There’s just something so exhilarating about genealogy: the thrill of the hunt, the joy of discovery, and the unmatched challenge of piecing together history’s forgotten lives.
For most of us, our ancestors weren’t famous. No one wrote books about them or used their real-life adventures as fodder for Hollywood treatments. Their final testaments were graveside eulogies, if any were given, or cold stone markers, if any were laid.
If all you want from research your family tree is tombstone data, you might want to look for another hobby. Genealogy is more than lists of names and dates. In its truest and purest form, genealogy is a detective story. Those of us who practice the craft spend our time unearthing, deciphering, recording, and sharing the stories of real people who had real lives—lives worth remembering and preserving for generations to come.
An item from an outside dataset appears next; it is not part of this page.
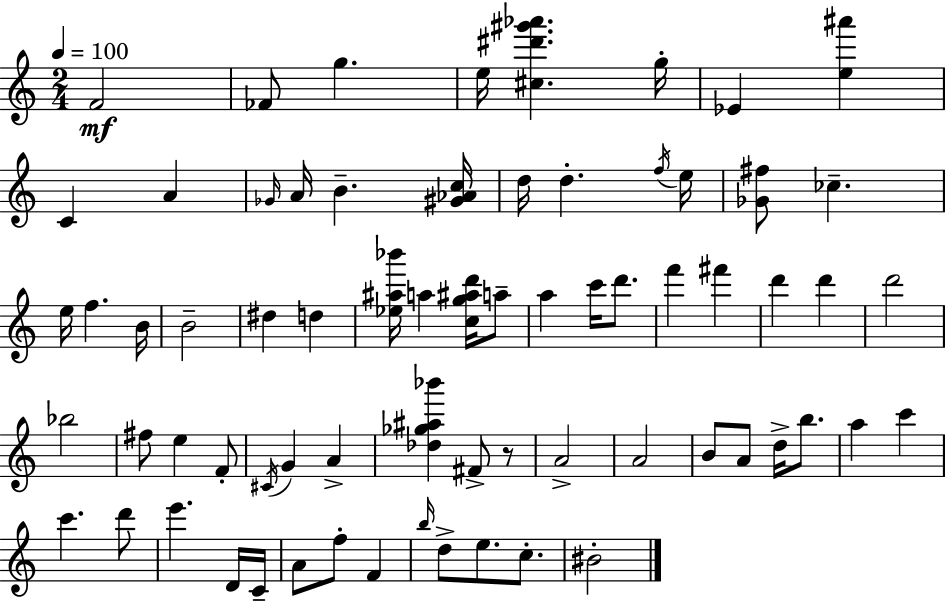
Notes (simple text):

F4/h FES4/e G5/q. E5/s [C#5,D#6,G#6,Ab6]/q. G5/s Eb4/q [E5,A#6]/q C4/q A4/q Gb4/s A4/s B4/q. [G#4,Ab4,C5]/s D5/s D5/q. F5/s E5/s [Gb4,F#5]/e CES5/q. E5/s F5/q. B4/s B4/h D#5/q D5/q [Eb5,A#5,Bb6]/s A5/q [C5,G5,A#5,D6]/s A5/e A5/q C6/s D6/e. F6/q F#6/q D6/q D6/q D6/h Bb5/h F#5/e E5/q F4/e C#4/s G4/q A4/q [Db5,Gb5,A#5,Bb6]/q F#4/e R/e A4/h A4/h B4/e A4/e D5/s B5/e. A5/q C6/q C6/q. D6/e E6/q. D4/s C4/s A4/e F5/e F4/q B5/s D5/e E5/e. C5/e. BIS4/h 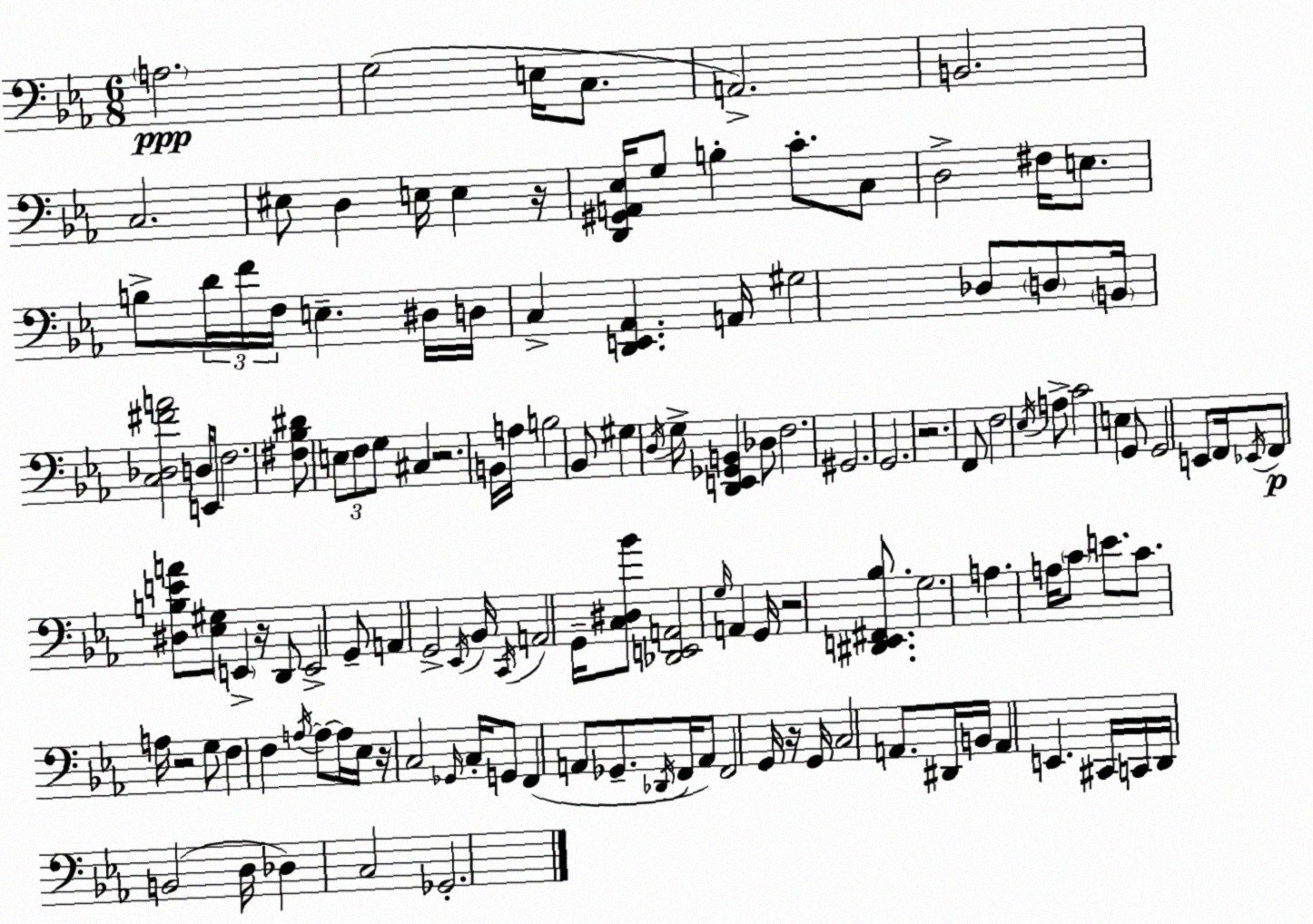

Without us, many of those lives would remain lost under decades and centuries of dust.
When I started my research in 1990, I had no idea that I’d amass a database of more than 60,000 names or that I’d transform a key ancestor from one line on a tax record to a six-page biography and a potential novel. Nor did I suspect that another ancestor would indirectly influence the one-and-only William Shakespeare.
That’s the beauty of genealogy. We don’t know what we’ll find when we start. We only know that there are questions begging for answers, mysteries waiting to be solved, and we won’t be satisfied until we’ve solved the puzzle. Dead ends don’t really exist, because we’ll just keep digging until we get to the other side of the wall. Maybe we’ll find an untried path or another wall, but either way we’ll press ahead.